A bizarre accident. A chance meeting. Your gazes link for the briefest moment, but that’s all it takes.
It’s love. Intense, consuming, enduring love. And it’s the worst thing that’s ever happened to you.
This is the story of Ian McEwan’s Enduring Love, a fictionalized retelling of a real case of “erotomania”—a psychological disorder that causes its victims to fall instantly and madly in love with those who don’t know them, don’t like them, and want them as far away as possible.
No, I’m not making fun of your sad dating history. The difference between bad luck and insanity turns out to be significant: the erotomaniac, you see, believes that the object of his affection returns the feelings and even initiated the relationship—that the beloved’s anger, confusion, indifference, and restraining orders are actually tests designed to determine just how devoted the long-suffering victim is. The erotomaniac believes that the beloved is constantly sending him secret, coded messages meant to inflame his passion—by touching the hedges in a certain way, for instance, or arranging the curtains just so. He doesn’t understand how the beloved can be so alternately loving (to send such ardent signals) and cruel (to spit on him when discovering him on the front porch again).

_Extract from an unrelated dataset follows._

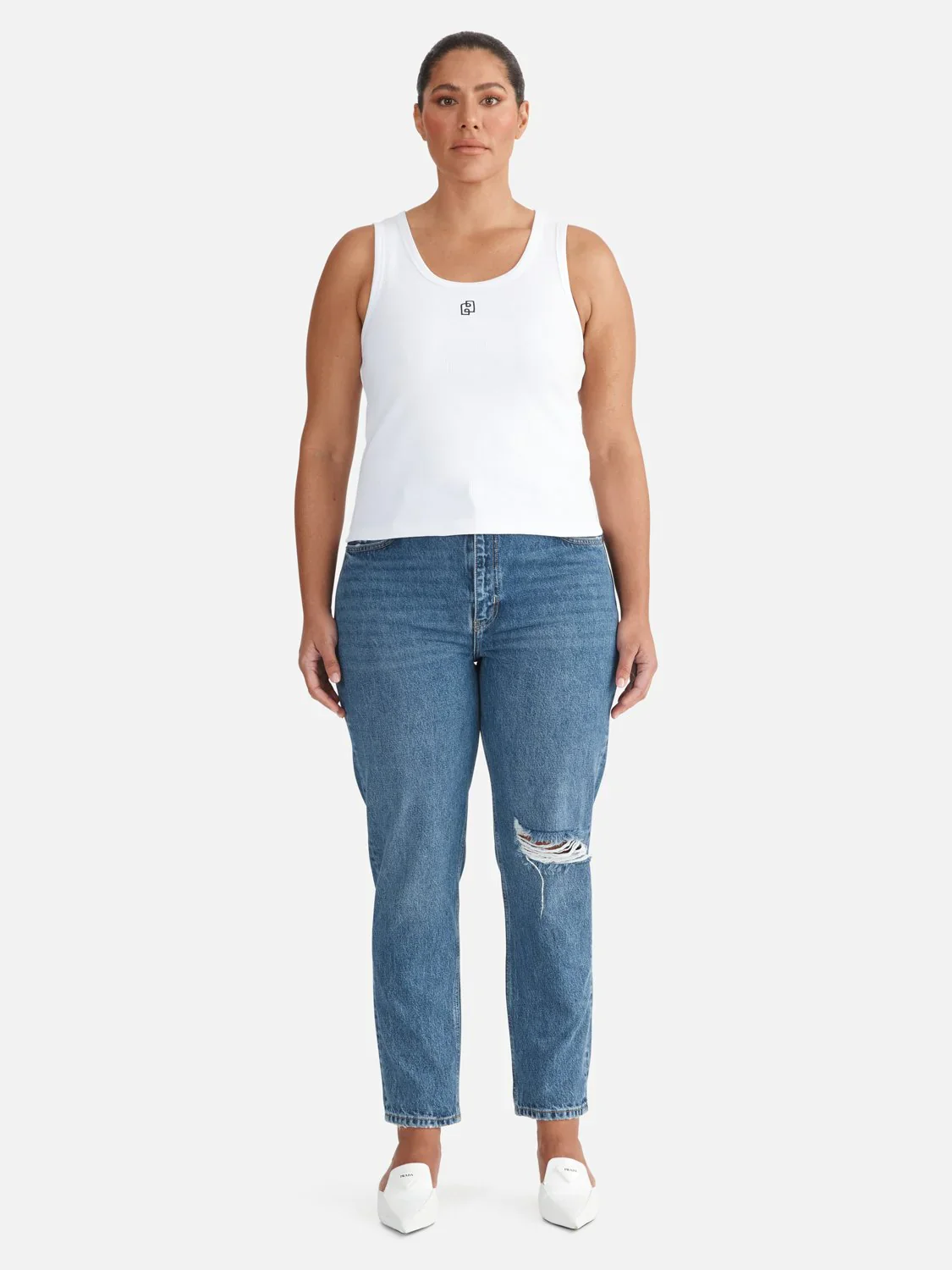 ENA PELLY - KENDALL MONOGRAM TANK (WHITE) - Image 4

It’s like the most clueless, deluded, pathetically hopeful person you’ve ever dated times a hundred.
This is the nightmare lived by McEwan’s protagonist, Joe Rose—a mid-thirties science writer, happily coupled, who meets his own special erotomaniac on the scene of a strange hot-air balloon accident. The man, Jed Parry, believes his mission is not only to love the socks off Joe but also to stamp out his atheist beliefs. The fixation sets off a chain of increasingly unsettling events that threaten Joe’s relationship and sanity, and even—since half of male erotomaniacs eventually turn violent—his life.
I admit it—I have an enduring love for Ian McEwan. His writing is both thoughtful and beautiful—this is the first-person style I like—and his plots are original and nicely structured. If you find me camping outside his house, drooling over the man’s communicative curtains, don’t say I didn’t warn you.